With this early advantage, A&M-Corpus Christi continued to push in the first part of the game, adding another in the third to build even more of a cushion. This run came in very impressive fashion, as after senior Christian Smith-Johnson reached on a two-out base hit, he managed to come all the way home from first on a single error by Lamar's second baseman, never slowing down and turning on the jets around third to easily beat the throw home from shallow center field.
 
 
As it turned out, this would be all of the scoring that the Islanders would need, with their pitching taking this run support and running with it all the way to the finish line.

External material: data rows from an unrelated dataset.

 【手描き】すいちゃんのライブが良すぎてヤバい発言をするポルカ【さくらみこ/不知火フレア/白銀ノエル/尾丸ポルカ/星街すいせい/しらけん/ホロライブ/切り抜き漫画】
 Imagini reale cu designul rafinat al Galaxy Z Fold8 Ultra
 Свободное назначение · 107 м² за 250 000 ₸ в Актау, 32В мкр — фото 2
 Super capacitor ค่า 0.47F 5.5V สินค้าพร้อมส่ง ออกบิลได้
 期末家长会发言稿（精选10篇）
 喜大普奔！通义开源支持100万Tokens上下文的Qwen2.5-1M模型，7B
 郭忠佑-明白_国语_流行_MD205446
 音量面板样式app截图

Kicking off this strong effort on the mound was junior Easten Smith, who took the ball for his second start of the season and spun what was arguably the team's best outing to date, tossing 6.2 innings of one-run ball while walking just one and punching out five batters. The righty began his day very well, striking out the first two hitters he faced and allowing just two runners to reach through his first three frames of work. Smith did run into some trouble in the middle innings, surrendering his lone run in the fourth and facing a second-and-third, one-out scenario in the fifth, but he managed this traffic with minimal damage before once again finding his groove and sitting down seven of the last nine Cardinals that he faced.
 
Smith's outing was easily the longest for any Islanders pitcher so far this year, surpassing the previous high of five innings reached four different times, including himself most recently last Friday against Northwestern State in relief. It was also the first quality start of the season for A&M-Corpus Christi, and it helped lower his ERA on the season to a minuscule 0.87 in his team-leading 20.2 innings of work.
 
"Things haven't been going our way, but Easten Smith went out there and turned that thing around," Islanders head coach Scott Malone said. "We had some guys get banged up last week, so we felt like we had this older guy in Easten that's been through the battles to reshuffle the cards and put on Friday night, and he went out there and pitched like a veteran does. He took the team on his shoulders and got after it, and we're excited for him"
 
After Smith's exit, the Islanders needed just one more arm to go the rest of the way, with the honor of securing the final seven outs going to junior Chase Mayer. The lefty's outing started off wobbly, with a walk and an error loading the bases with two outs and bringing the tying run to the plate, but he escaped this jam by inducing a flyout to center to end the threat. After this, though, Mayer mowed down the Cardinals with brutal efficiency, retiring the final six hitters of the game in order and punching out four to help secure the much-needed victory for the Islanders.
 
"He was off-kilter for a couple hitters and had to reset it, but once he reset it, he was going," Malone said on Mayer. "It was an above-average two- or three-pitch mix, and I thought he had a good hitting team on their heels down the stretch."
 
At the plate, A&M-Corpus Christi was able to get its offense going in unique fashion, overcoming its lack of extra-base hits by recording three sacrifices and reaching base via the hit-by-pitch a whopping five times. Individually, Flaggert had the biggest swing of the day in the opening frame to record the only multi-RBI game for either team, and he was joined in the hit column by Sanchez, Smith-Johnson, Azemar, graduate Karson Krowka and junior Max Towchik.
 
The Islanders will now take their first crack at winning the series over the Cardinals in the second game of the set on Saturday, returning back to Chapman Field for first pitch at 2 p.m.